Begin your copy at the line holding "Zadig & Voltaire !DS!" and end it at the last line of the listing. Keep every line exact and leave out the pictures.

Records for the exercise —
- - - -

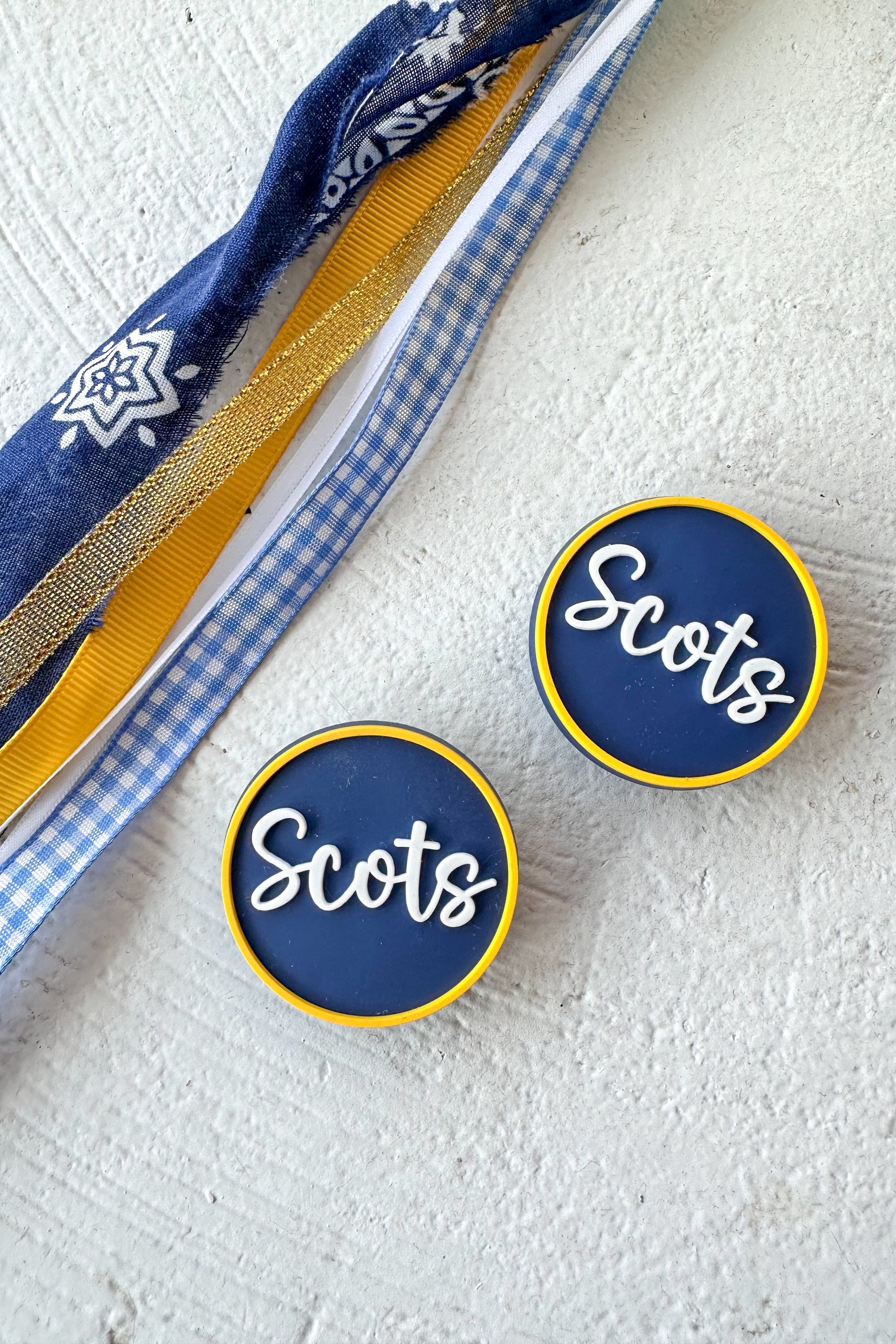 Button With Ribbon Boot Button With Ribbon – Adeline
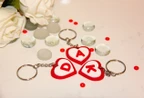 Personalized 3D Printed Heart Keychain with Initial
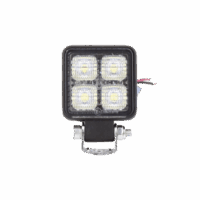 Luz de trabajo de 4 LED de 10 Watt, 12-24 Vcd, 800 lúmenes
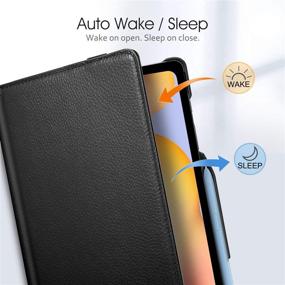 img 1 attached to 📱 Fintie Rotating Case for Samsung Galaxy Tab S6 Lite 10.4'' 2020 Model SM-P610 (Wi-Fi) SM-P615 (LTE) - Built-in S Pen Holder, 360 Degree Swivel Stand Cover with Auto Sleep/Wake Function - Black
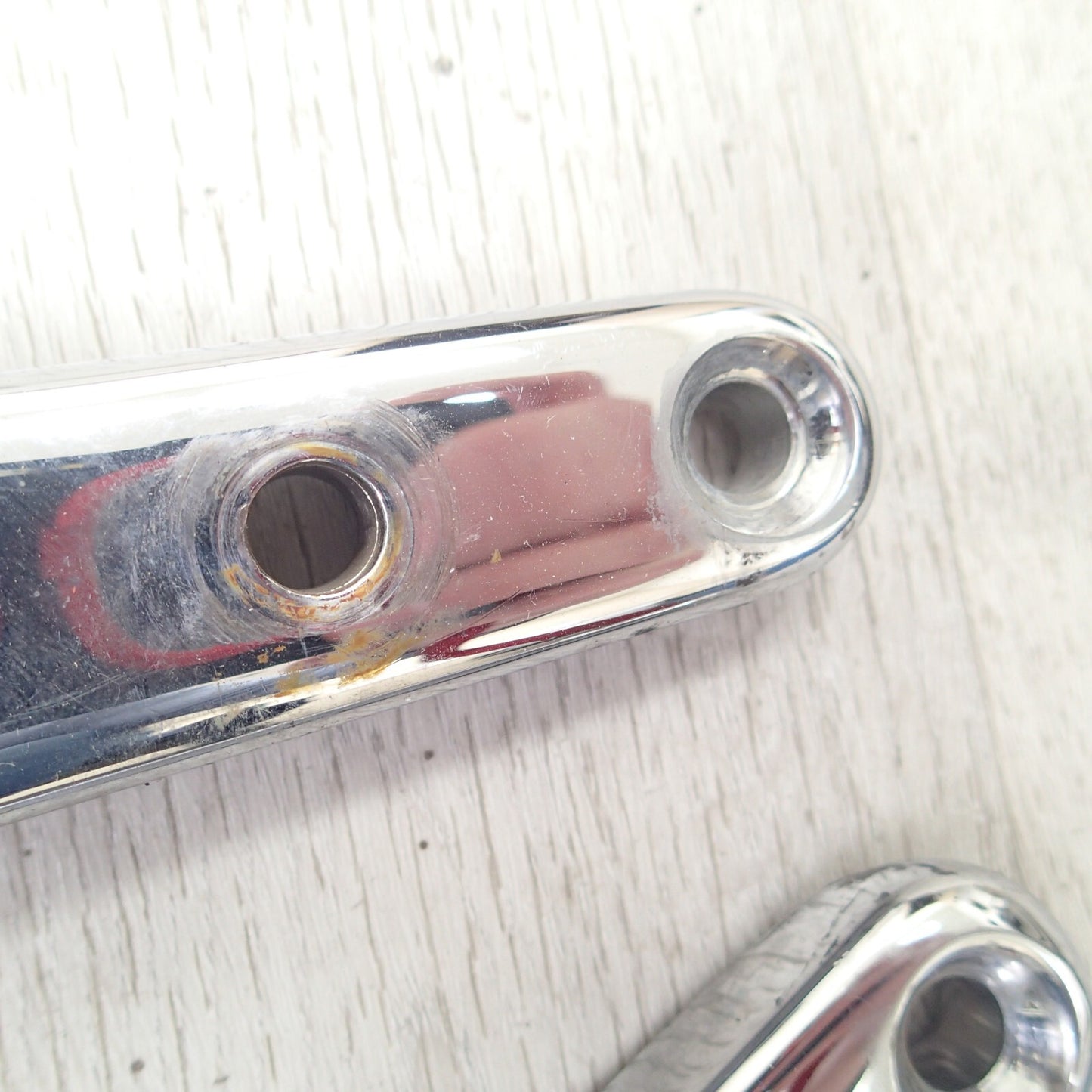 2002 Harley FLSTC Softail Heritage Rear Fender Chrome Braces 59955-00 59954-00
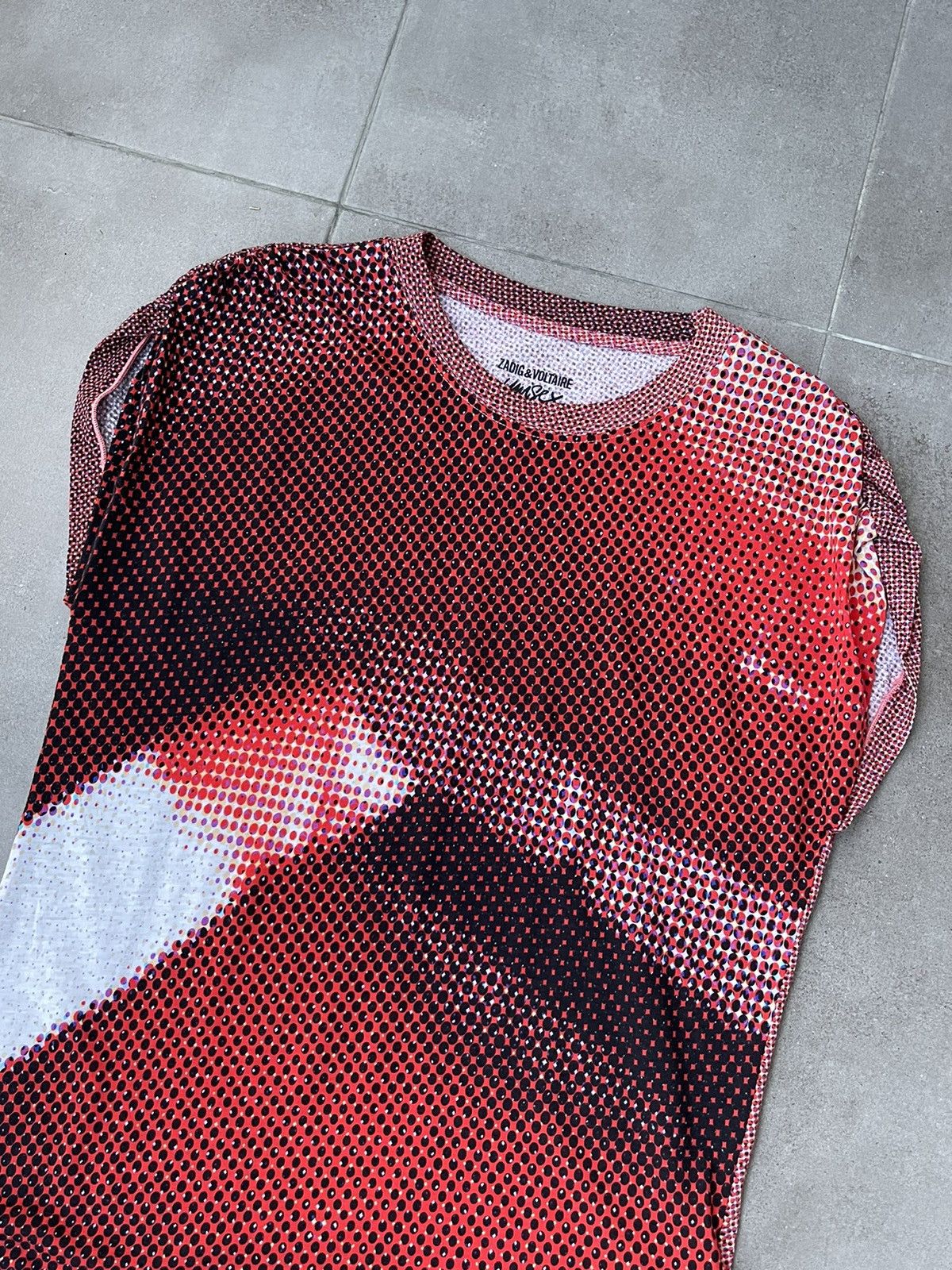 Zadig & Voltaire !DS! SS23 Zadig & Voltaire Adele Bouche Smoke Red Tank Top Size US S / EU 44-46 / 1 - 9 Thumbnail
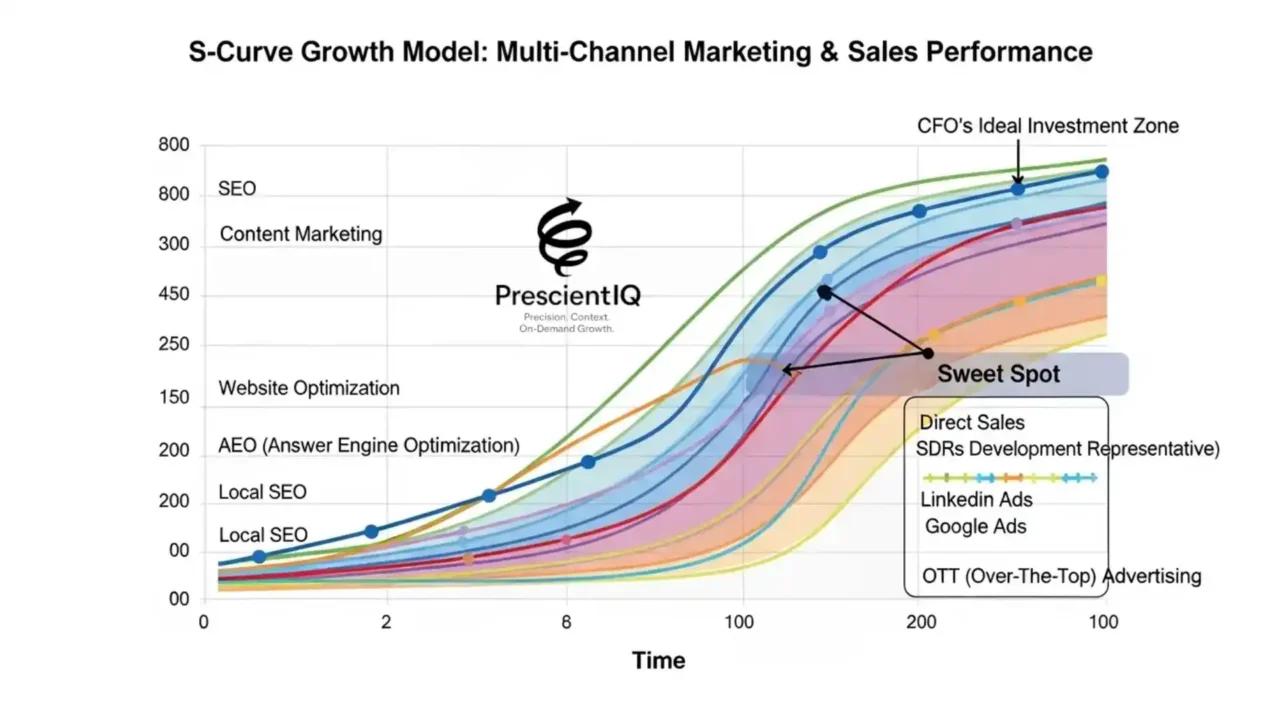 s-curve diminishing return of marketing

- - - -

Exercise response —
 Zadig & Voltaire !DS! SS23 Zadig & Voltaire Adele Bouche Smoke Red Tank Top Size US S / EU 44-46 / 1 - 9 Thumbnail
 s-curve diminishing return of marketing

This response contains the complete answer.